Für das „Bild“ dieser Gesellschaft ist Ty Redfern 427 – warum werden die Namen immer derartig verkünstelt und distanzieren den Leser zusätzlich von in diesem Fall auch nur einzenen Charakteren ? – mit verantwortlich. Er arbeitet in einer Werbeagentur und verkauft kapitalistische Illusionen. Einige der von Lukas Vering angeführten Beispiele sind interessant, aber der Leser fragt sich, woher das Geld für den Kauf der manchmal auch sinnfreien Produkte kommen soll, wenn es anscheinend nur eine kleine Gruppe von Menschen, die intellektuelle Oberschicht gibt? Aber selbst in der Werbebranche streben die Menschen nach Höherem. Zurück zur wahren Natur, wie eine Versammlung unter einer künstlichen Kuppel zeigt, die als Illusion wieder einen wunderschönen Himmel zeigt. Die Illusion nährt die Illusion, wie auch zum künstlichen Regen Regenschirme an den Mann oder die Frau gebracht werden müssen. Mittels Reklame. Das Perpetuum Mobile.
Privat hat Ty weniger Glück. Er sehnt sich danach, eine Frau einfach so kennenzulernen, was aber unmöglich ist. Zu Beginn der Geschichte kehrt er zum wiederholten Male zu spät und frustriert von einem Date zurück, das eigentlich schon nach zehn Minuten zu Ende sein sollte. Eine schlechte Bewertung bringt ihn näher in den C Bereich, in denen Mann nicht mehr die richtigen Partner findet. Der Gegenentwurf ist einer der Drogendealer - „Air“ ist eine Droge, teilweise mit Meeresgeruch -, der sowieso nur in seinem Viertel und auf seiner sozialen Ebene daten darf. Und die Tussies bekommt er sowieso, sie müssen wir „Air“ es bei ihm „abarbeiten“. Zumindest dieser Aspekt hat sich selbst in Lukas Verings Zukunftswelt nicht verändert.
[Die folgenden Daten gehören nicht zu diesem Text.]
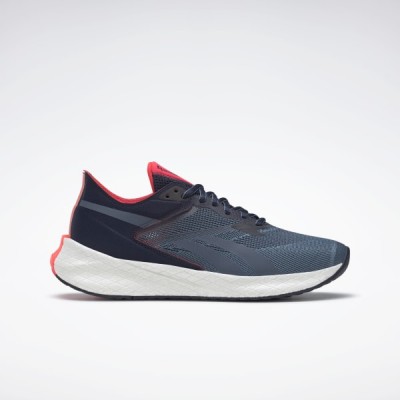 Кроссовки Reebok Floatride Energy Symmetros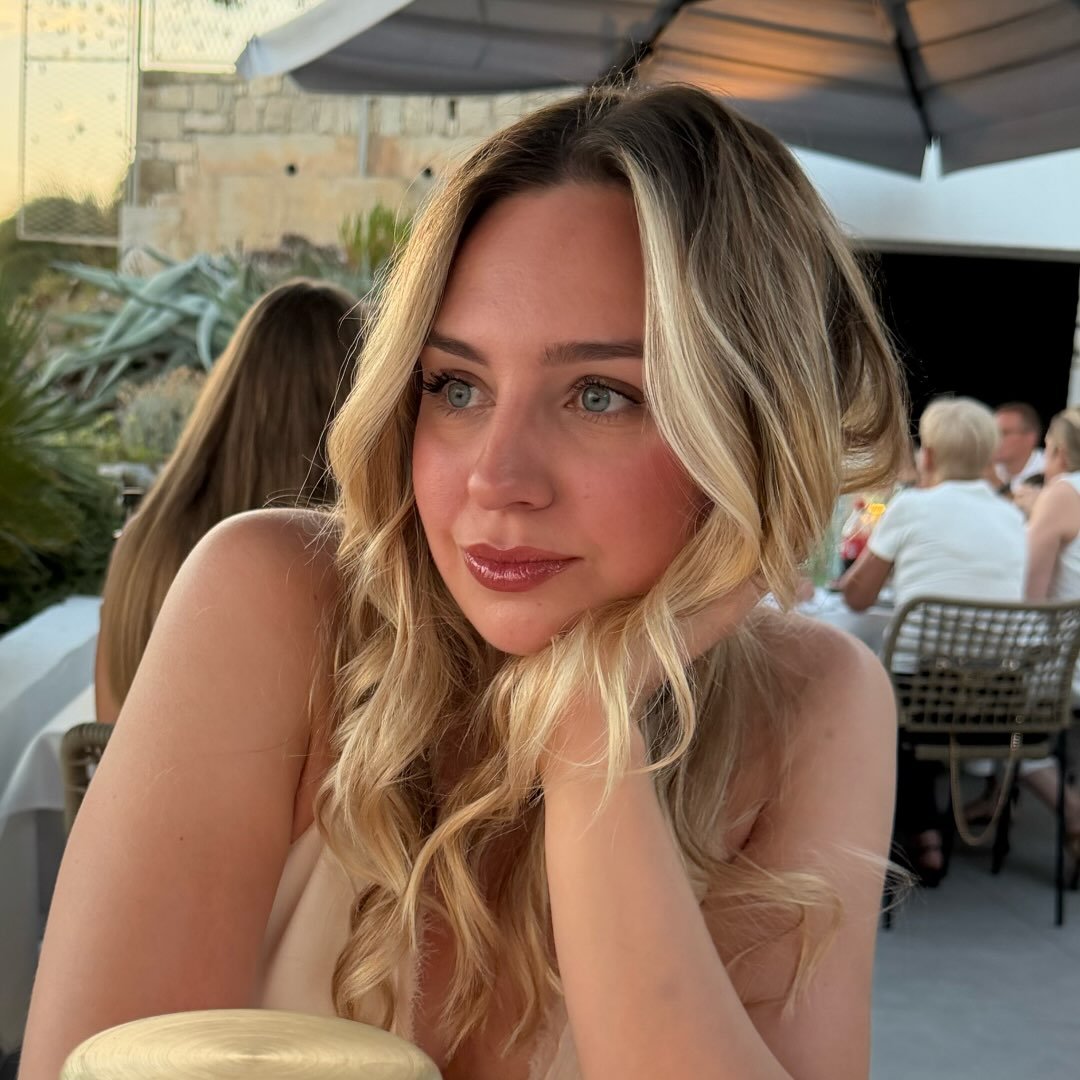 Instagram Profilbild von kapetanova.a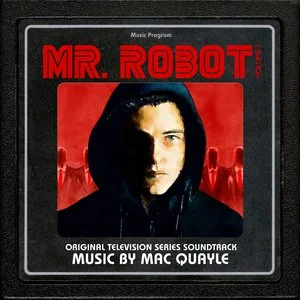 Mac Quayle - 1.0_4-m0rphine.aac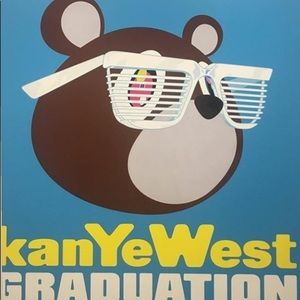 Meet your Posher, Jaden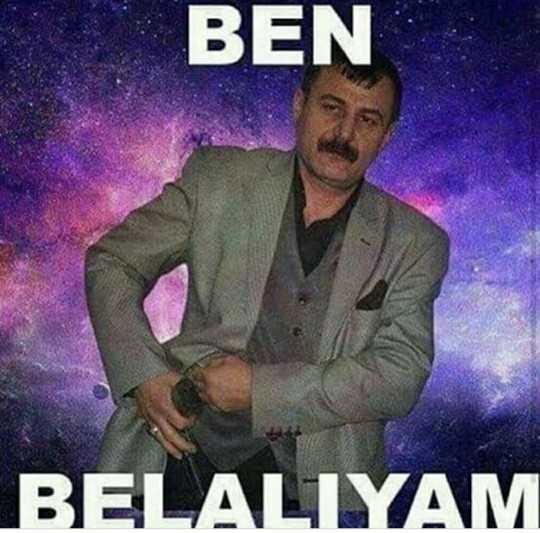 Evlilik erkekler için bir ceza mıdır?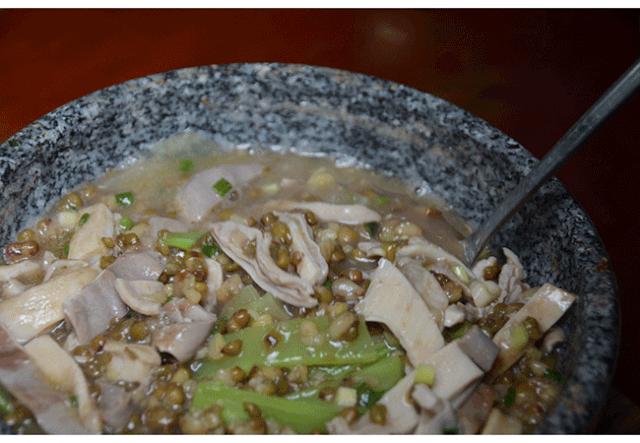 广元哪里的砂锅好吃,广元特色砂锅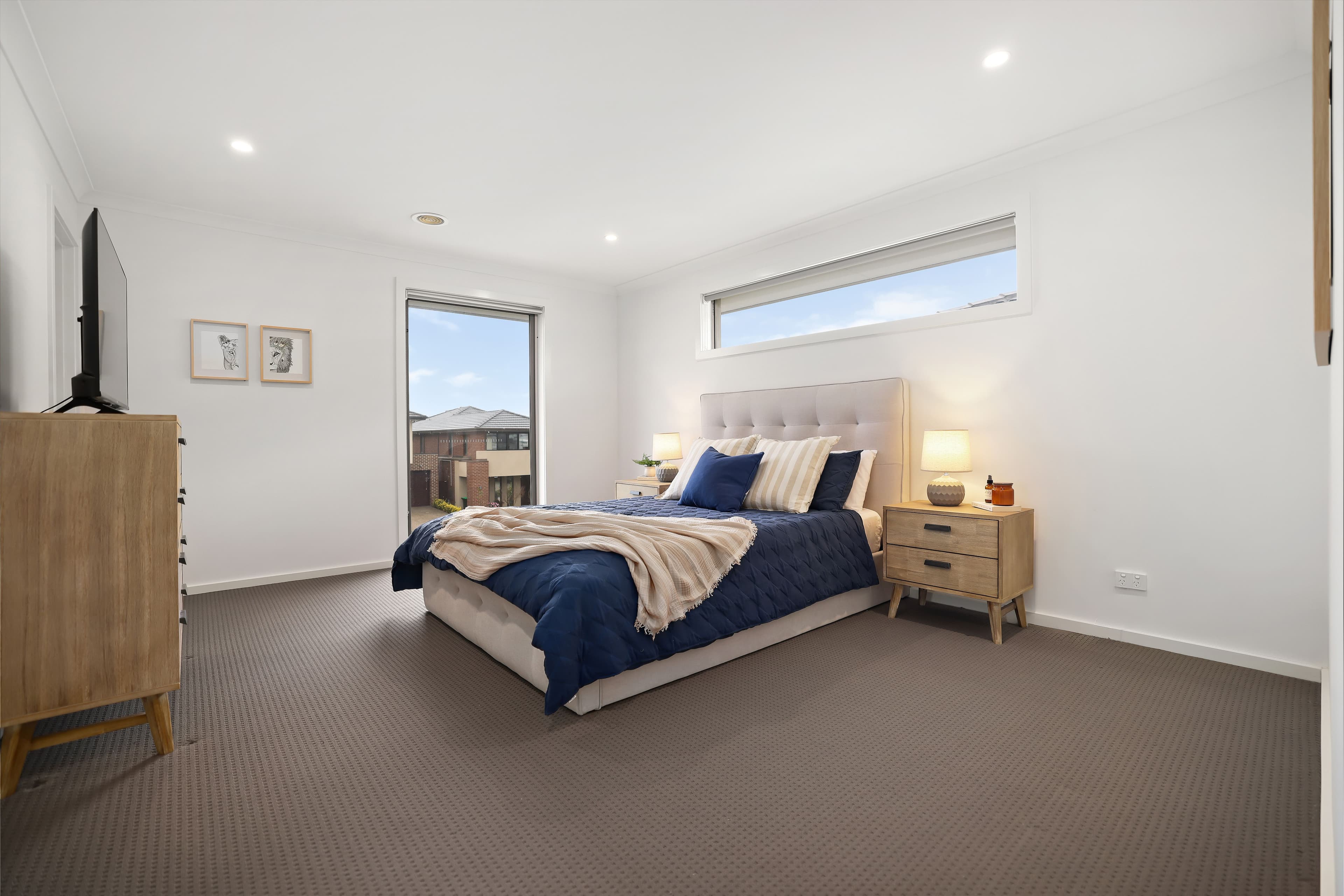 77 Verdant Street, Wantirna South VIC 3152, Wantirna South - Thumbnail 7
Durch einen Zufall lernt Ty Redfarn 427 dann doch Pamina kennen. Pamina ist das archaische Element, das die langweilig geordnete Welt Tys durcheinander bringt und ihn zu einem „Rebellen“ mit einer Brise „Air“ unter der Nase werden lässt.
Der Autor versucht den Widerspruch zwischen einer komplett kontrollierten Welt – aus welchem Grund auch immer – und der Sehnsucht des Menschen nach Individualität herauszuarbeiten. Es gibt aber noch einen zweiten Widerspruch in der Geschichte. Auf der einen Seite ist Ty ist das stringente System eingebunden und wird in der Theorie erst frei, als sein Konto vier Nullen als Kontostand anzeigt, auf der anderen Seite arbeitet er als kreativer Geist an der Gestaltung dieser Welt mit. Zumindest bis zu dem Augenblick, als er Pamina kennenlernt. Vielleicht wäre es effektiver gewesen, einen klassischen Arbeiter mit einer Fließarbeit als „Ausbrecher“ in den Mittelpunkt der Geschichte zu stellen. George Orwell hat das in „1984“ ein wenig, effektiver und pointiert besser geschafft. Vor allem hätte Lukas Vering seine Figuren dreidimensionaler, sympathischer und damit auch zugänglicher darstellen müssen. Die Welt ist erdrückend und deswegen bin ich langweilig, angepasst und eindimensional? Es fällt anfänglich schwer, den Figuren emotional zu folgen und damit ihre eher aufgesetzten Probleme zu verstehen. Die zwei Dates werden so distanziert beschrieben, der Sex scheint mechanisch, aber erfüllend zu sein, das sich der Leser fragt, wie ein perfektes Treffen aussieht. Ty ist als Figur eher langweilig, auch wenn seine Arbeit aufregend, kreativ, aber auch manipulierend ist. Ty stellt sich auch nicht gegen das System, das System stellt sich irgendwie gegen ihn. Er wirkt im Vergleich zu der ein wenig lebendiger und interessanter gestalteten Pamina wie ein Fremdkörper, der ausgesondert werden muss.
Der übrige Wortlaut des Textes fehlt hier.